El puelche boleaba en todo tiempo, así en invierno como en verano, siempre que sus caballos estuvieran en buen estado y se sintiera con disposición de hacerlo. Se reunían en pequeños grupos de parientes y amigos, lanzándose a la ventura por los campos desiertos, en busca del placer fuerte de aquel lance y de medios de vida. Pero había una boleada anual, allá por otoño, cuando ya la «crianza» había alcanzado su desarrollo que la volvía útil para la economía bárbara. Desde meses atrás comenzábanse los preparativos en las tolderías. Los mejores caballos se ejercitaban con tino, alivianándolos en vareos metódicos y haciéndolos pastar en los mejores campos. Todos los mocetones (huelches) apuraban su labor, torciendo sogas de boleadoras. Se recorrían minuciosamente los lazos, ingiriendo los tientos cortados o simplemente sentidos. Algunos grupos partían con cargueros para las salinas en busca de la preciosa substancia, a fin de hacer con tiempo abundante provisión. En toda la toldería no se hablaba sino de la próxima boleada, sometiendo a continuas consultas a las machi de la tribu ¿Tendremos suerte?, era la pregunta que estaba en todos los labios.

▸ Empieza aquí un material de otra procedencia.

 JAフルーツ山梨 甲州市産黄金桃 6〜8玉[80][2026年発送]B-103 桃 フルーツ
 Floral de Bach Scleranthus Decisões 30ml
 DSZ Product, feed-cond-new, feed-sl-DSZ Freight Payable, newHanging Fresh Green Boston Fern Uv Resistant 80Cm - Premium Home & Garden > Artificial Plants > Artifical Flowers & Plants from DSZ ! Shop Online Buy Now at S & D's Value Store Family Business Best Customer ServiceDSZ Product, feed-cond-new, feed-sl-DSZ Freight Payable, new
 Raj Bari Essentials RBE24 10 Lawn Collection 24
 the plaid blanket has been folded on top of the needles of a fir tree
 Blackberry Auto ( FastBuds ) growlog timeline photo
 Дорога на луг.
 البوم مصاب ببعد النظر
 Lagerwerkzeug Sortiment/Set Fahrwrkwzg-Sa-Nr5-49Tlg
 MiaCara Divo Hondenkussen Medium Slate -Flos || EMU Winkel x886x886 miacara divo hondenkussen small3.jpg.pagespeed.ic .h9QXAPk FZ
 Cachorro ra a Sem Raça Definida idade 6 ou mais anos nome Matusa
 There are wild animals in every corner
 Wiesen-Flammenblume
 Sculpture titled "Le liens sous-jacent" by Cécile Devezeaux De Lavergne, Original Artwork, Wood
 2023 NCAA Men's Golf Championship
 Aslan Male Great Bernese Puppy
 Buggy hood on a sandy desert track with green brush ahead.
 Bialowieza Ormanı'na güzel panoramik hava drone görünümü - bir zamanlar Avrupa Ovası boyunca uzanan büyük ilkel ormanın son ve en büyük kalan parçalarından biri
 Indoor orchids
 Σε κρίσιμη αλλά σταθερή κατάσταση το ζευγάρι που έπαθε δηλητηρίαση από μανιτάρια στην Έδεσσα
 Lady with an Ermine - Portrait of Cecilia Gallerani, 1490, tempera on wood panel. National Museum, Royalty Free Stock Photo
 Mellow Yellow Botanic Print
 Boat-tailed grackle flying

Esta expectativa tenía su razón de ser, sobre todo en las tribus cuya existencia de ganados era precaria. Las boleadas debían proveerlas de carne y de vestido en el invierno que se aproximaba. La cosecha de piñones y manzanas estaba hecha, y sólo faltaban aquellos otros dos elementos—carne y pieles—para afrontar la crudeza del invierno andino.
Después de serias reflexiones y de muchas consultas a sus capitanejos, el cacique había elegido el campo de caza, siempre dentro de sus límites jurisdiccionales, cuando no en lejanas tierras, hacia los «centros», en pleno desierto, patrimonio común de todas las tribus.
Llegado el momento de la partida, sólo quedaban en los toldos los baldados y las mujeres en avanzada preñez.
La marcha hacia el campo de caza era regida por previsoras reglas, con campamentos de antemano señalados y en los que no debían faltar ni pastos, ni agua, ni leña. Cada hombre hábil iba provisto de varios pares de boleadoras que llevaba, indistintamente, envueltos en la cintura o sujetos al apero por tientos dispuestos al efecto. El lazo era complemento indispensable en el equipo del boleador, pues él debía intervenir para asegurar la captura de la pieza cuando las boleadoras no se «ataban» bien. A fin de que éstas, errado el tiro, no se perdieran, llevaban en uno de sus ramales una larga pluma de avestruz encargada de denunciar su presencia en el pastizal.
La cuereada estaba a cargo de la chusma, constituida por el mujerío y los muchachos.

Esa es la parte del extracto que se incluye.